Curiosamente nenhum deles, apesar de eu os conhecer e se conhecerem pessoalmente, tivera uma relação muito próxima entre eles durante os nossos anos de adolescência. Diria que a minha relação com cada um foi mais convivida do que aquela que eles experimentaram em conjunto. No entanto foram ambos individualmente pessoas activas no seio dos grupos políticos e sociais a que pertenceram durante a sua juventude.

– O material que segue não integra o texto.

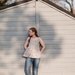 Lavender Floral Linen Pleated Top Sz Small ON SALE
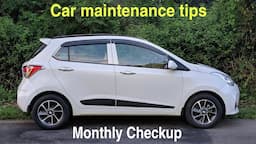 Car maintenance tips | Basic car checkup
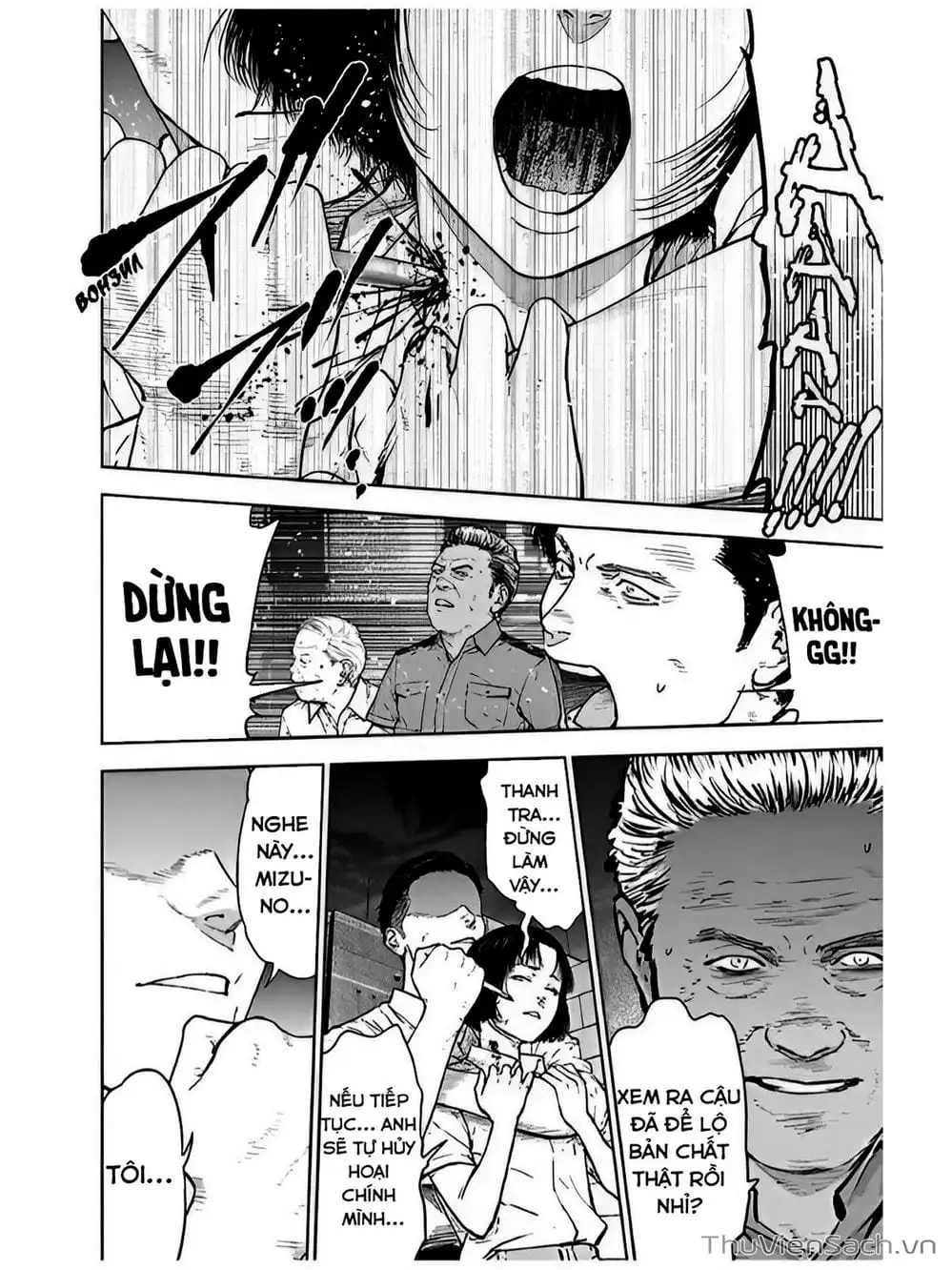 Truyện Tranh Lựa Chọn Đẫm Máu - Massacre Happy End trang 5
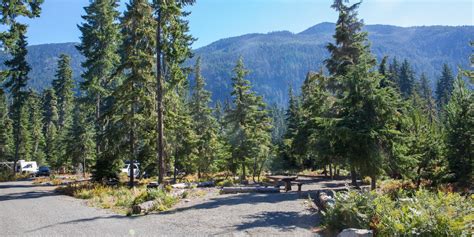 Lake Kachess Campground Map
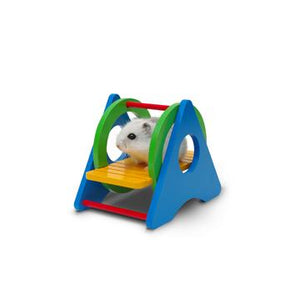 Living World Balançoire en bois pour petits mammifères - Boutique Le Jardin Des Animaux -Accessoire petit mammifèreBoutique Le Jardin Des Animaux61515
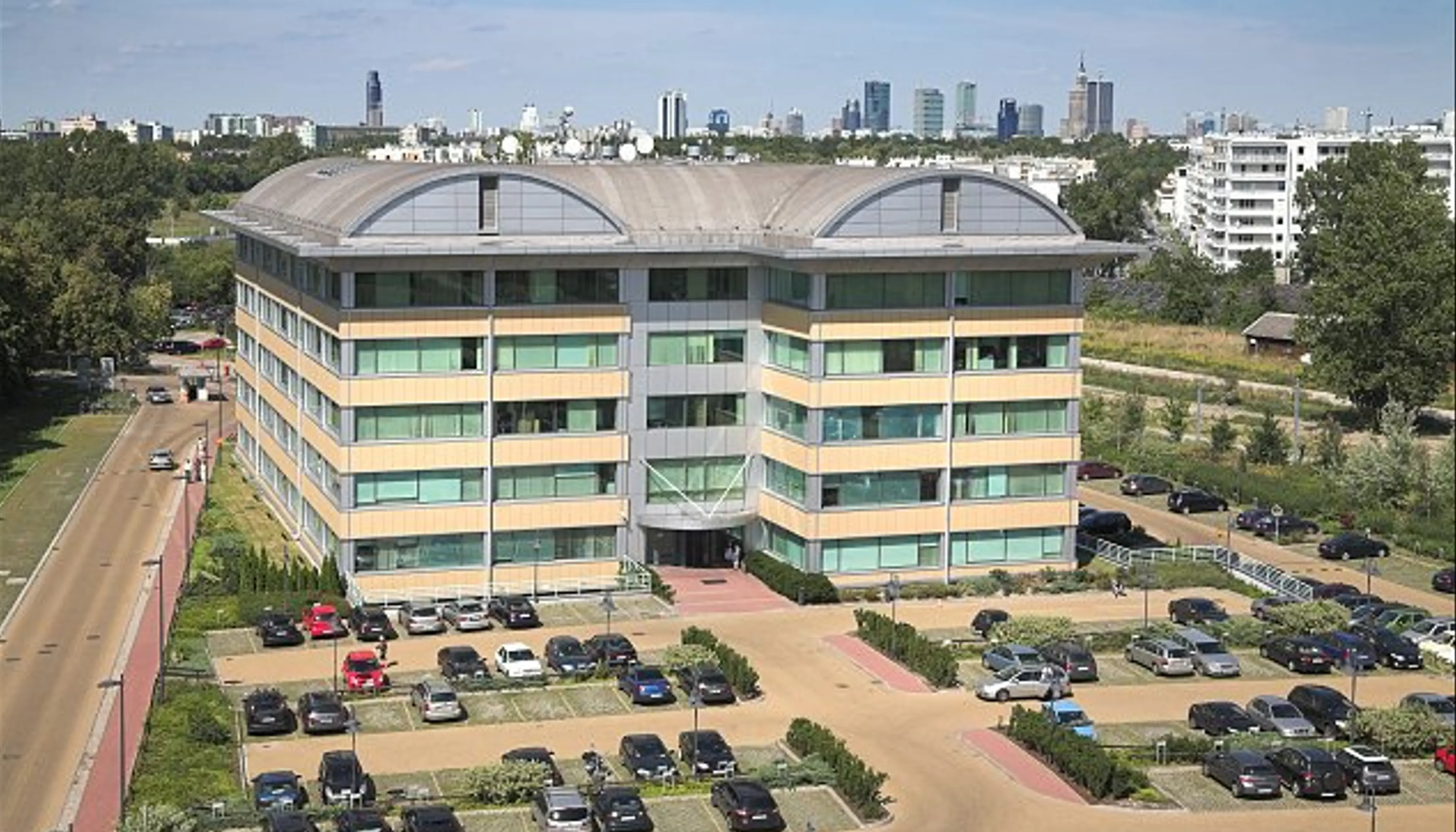 Wiśniowy Business Park, , Warszawa, Ochota i Włochy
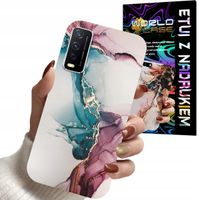 ETUI CASE DO VIVO Y11S - MARMUR WZORY DLA KOBIET PLECKI OBUDOWA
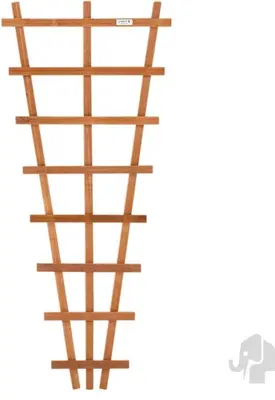 Elephant Trellis hardhout v-vorm 65x150 - afbeelding 1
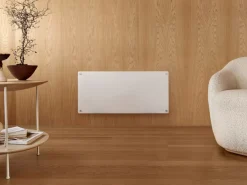 Mill Glass Smart WiFi element Gen. 4, vit, 1000 W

Ao Vasco conheço-o desde a mais terna infância. Embora nos separem uns três anos, a sua casa era contígua do local de trabalho dos meus pais e isso permitiu-nos estabelecer contacto desde então. Pessoa metódica e organizada, bom aluno desde sempre, curioso de conhecimento em geral e no que lhe interessava pessoalmente em particular. Com estes atributos, o normal é não ser muito bem recebido pelos colegas da mesma idade, mas isso foi algo que nunca o perturbou. Antes deu-lhe a capacidade individual de conseguir integrar-se no seio de qualquer grupo. Apesar das dificuldades soube analisar os interesses, preocupações, “modus operandi”, “modus faciendi” e “modus vivendi” dos seus pares e, assim, chegar ao nível daqueles que, a priori, seriam diferentes de si. Lembro de o ver interessado por música que, quem não o conhecesse, jamais o associaria a tais preferências melódicas. A sua capacidade de adaptação foi (penso que ainda é) notável. Foi, durante a juventude, presidente de um clube desportivo e cultural, ao qual também pertenci, demonstrando a sua aptidão e desembaraço nos meandros burocráticos e institucionais da época.

Com O Jorge a convivência foi mais tardia e também mais lúdica (se assim a podemos chamar). Apesar de o conhecer anteriormente, a nossa amizade tornou-se mais estreita na época da nossa juvenilidade, quando me convidou para trabalhar durante o verão na “Ecos da Raia” (para quem não sabe, era a nossa rádio local). Antes disso e como pessoa extremamente prática, rapidamente se destacou na associação de estudantes na sua época do Liceu. Recordo inclusive a sua intervenção, ainda nem chegada a sua adolescência, perante as câmaras de televisão durante uma manifestação realizada por estudantes em virtude do atropelamento, julgo, dum aluno frente ao estabelecimento de ensino. Vislumbrava-se, já então, a sua veia interventiva e o seu afã de protagonismo e liderança. Pessoa grata no seu círculo derivado da sua extroversão e boa disposição assim como pela sua dedicação em tudo aquilo em que estava envolvido, valeu-lhe constantes vitórias na associação de estudantes. Virtudes que lhe serviriam posteriormente no seu desempenho laboral e pessoal. Tal como eu, somente deu o devido valor aos estudos após anos de trabalho, diversão e vivências.

Dois amigos diferentes e um destino comum? Parece que sim. Curiosamente os seus percursos políticos foram em lados contrários, um no Partido Socialista, outro no PSD.

Recordo, ao escrever estas linhas, da primeira vitória de Cavaco Silva nas legislativas de 1985. O PSD local a festejar na praça “Deu-la-Deu” com o Vasco no cimo de um automóvel, com dezenas de autocolantes do partido grudados às suas calças, bandeira laranja em riste movimentada a esquerda e direita, gritando palavras de ordem e proferindo cânticos de ocasião. Esta imagem está em mim tão presente como a que, minutos depois, chegado à sede da nossa rádio local, lugar onde teria de fazer o fecho da emissão, encontrei o Jorge cabisbaixo e visivelmente abatido. Estava sentado frente à mesa de mistura que emitia a essa hora. Ao seu lado uma multiplicidade de discos cuidadosamente seleccionados para que todos pudessem ouvir as suas frustrações após semelhante derrota. Tenho presente a frase que me dirigiu:

- Nunca pensei que perdêssemos com tanta diferença!

Cada um fazia inconscientemente os seus ensaios e aprendia o seu papel político. Espero que durante estes anos a vida lhes tenha mostrado os caminhos do bem comum e não se tenham tentado pelos meandros da ânsia de poder e do “bonorum possessio”.

“Pacta clara, boni amici(Ajustes honestos, bons amigos).